HALLIGAN: Yes, as regards the expert, your Honour.
HER HONOUR: Which expert?
MEAKES: It's the engineer, Mr Ian Byrnes [sic], your Honour.
HALLIGAN: The engineer.
HER HONOUR: Is it to the whole or the part or what? What's the basis of the objection?
HALLIGAN: The basis of the objection is the material upon which he has drawn assumptions.” (T 4)
-
Mr Halligan specifically drew my attention to this section of the transcript in these additional submissions. As Mr Halligan notes, I said to him (at T 7) that his position was “safe” and that he could identify the whole or part and the specifics of the objections at a later stage.
-
The evidence was then completed on both sides, but nothing was heard from the defendant as to the extent or the basis for the objection to Mr Burn’s report. No application was made to exclude this report, either in whole or in part.
-
Both parties prepared an outline of submissions. Mr Meakes submitted that the portion of the report which was not incorrect (as to preventability) could still be relied upon, as all that Mr Halligan had said, at paragraphs 6 and 7, was:
“6 There is no evidence at all of the plaintiff working 2 hours cutting steel. Indeed Burns [sic] relies on no statement of the plaintiff in support. Indeed the plaintiff has never been in contact with Burns [sic] (T 52.18)
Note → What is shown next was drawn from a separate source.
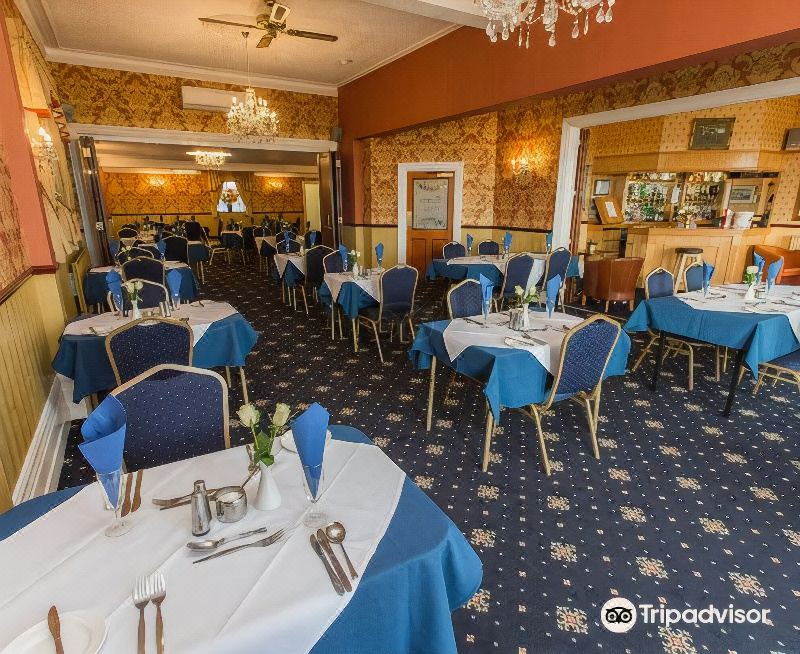 Photo of Livingroom in Great Yarmouth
7. The report and opinion of Burn is objectionable unless his assumptions are conceded or otherwise formally proved. Any factual assumptions underlying the witness’s opinion must be clearly identify and articulated. (Makita (Australia) Pty Ltd v Sprowles (2001) 52 NSWLR 705) [sic] Apart for [sic] the use of a shovel no relevant fact has been proved.”
-
As is noted above, the defendant’s own expert had made the same error. I assumed that both parties were proceeding on the basis that these sections were wrong but that the balance of the reports could still be relied upon. However, in the course of submissions, Mr Halligan submitted that Mr Burn’s report, but not his own report, should be deemed inadmissible in its entirety by reason of this error, despite not having sought a ruling to this effect. He did not, however, seek to withdraw his own expert’s report.
-
This kind of muddle about experts’ reports was one of a series of difficulties arising from both parties tendering a great deal of material which had not been addressed in evidence or submissions. I said to Mr Halligan:
“HER HONOUR: I'm faced with the difficulty of making findings of fact in circumstances where all I've got is the plaintiff's evidence and that's all I've got and I'm expected to be able to read and analyse the factual material in circumstances where you say that there are areas of fact, particularly in relation to the half an hour with the shovel. You say that there's irrelevancies in Mr Byrne's report, but your opponent says exactly the same thing about yours.
HALLIGAN: Yes, well, your Honour, if I may restate what I said before, we don't rely upon‑‑
HER HONOUR: You don’t rely on your own expert's report?
HALLIGAN: Well, not particularly, your Honour.” (T 97)
-
I made the same point to Mr Meakes when he said he was relying upon the plaintiff’s expert report:
“HER HONOUR: Interestingly enough I can't help noticing that Ms Whitby has the same note, that he was reportedly engaged in laying and positioning tendons for approximately two hours before being directed by the foreman to mix a small quantity of mortar grout. So she's got the same history as Mr Byrnes [sic]. They both got the same history. Is that right?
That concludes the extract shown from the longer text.